> [The task]: Leave out every line before the one that contains "control 3300mA IPX7". Please restate that line and the rest of the data word for word, through the end.

> [Supplied material]:
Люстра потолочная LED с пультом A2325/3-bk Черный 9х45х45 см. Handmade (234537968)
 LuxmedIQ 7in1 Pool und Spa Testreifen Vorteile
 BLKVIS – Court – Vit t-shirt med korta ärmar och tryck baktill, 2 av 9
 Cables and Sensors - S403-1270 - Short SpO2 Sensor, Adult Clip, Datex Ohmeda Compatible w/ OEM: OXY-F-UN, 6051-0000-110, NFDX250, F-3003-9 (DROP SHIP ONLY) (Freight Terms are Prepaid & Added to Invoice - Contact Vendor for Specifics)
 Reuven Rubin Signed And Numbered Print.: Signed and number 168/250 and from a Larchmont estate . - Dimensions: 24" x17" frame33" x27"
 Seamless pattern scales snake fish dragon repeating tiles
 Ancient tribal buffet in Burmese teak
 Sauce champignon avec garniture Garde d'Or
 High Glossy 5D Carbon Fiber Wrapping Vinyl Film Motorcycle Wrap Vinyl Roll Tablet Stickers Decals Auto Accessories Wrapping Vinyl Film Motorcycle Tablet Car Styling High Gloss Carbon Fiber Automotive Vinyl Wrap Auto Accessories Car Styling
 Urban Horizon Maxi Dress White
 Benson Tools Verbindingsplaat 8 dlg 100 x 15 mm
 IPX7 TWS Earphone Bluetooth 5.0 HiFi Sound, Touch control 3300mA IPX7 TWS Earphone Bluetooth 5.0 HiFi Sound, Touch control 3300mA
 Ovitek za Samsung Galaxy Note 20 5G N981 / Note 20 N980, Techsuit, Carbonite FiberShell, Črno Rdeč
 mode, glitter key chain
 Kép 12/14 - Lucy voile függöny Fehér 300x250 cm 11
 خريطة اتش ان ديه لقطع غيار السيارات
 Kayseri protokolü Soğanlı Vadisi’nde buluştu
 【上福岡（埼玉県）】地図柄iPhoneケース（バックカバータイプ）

> [Your solution]:
 IPX7 TWS Earphone Bluetooth 5.0 HiFi Sound, Touch control 3300mA IPX7 TWS Earphone Bluetooth 5.0 HiFi Sound, Touch control 3300mA
 Ovitek za Samsung Galaxy Note 20 5G N981 / Note 20 N980, Techsuit, Carbonite FiberShell, Črno Rdeč
 mode, glitter key chain
 Kép 12/14 - Lucy voile függöny Fehér 300x250 cm 11
 خريطة اتش ان ديه لقطع غيار السيارات
 Kayseri protokolü Soğanlı Vadisi’nde buluştu
 【上福岡（埼玉県）】地図柄iPhoneケース（バックカバータイプ）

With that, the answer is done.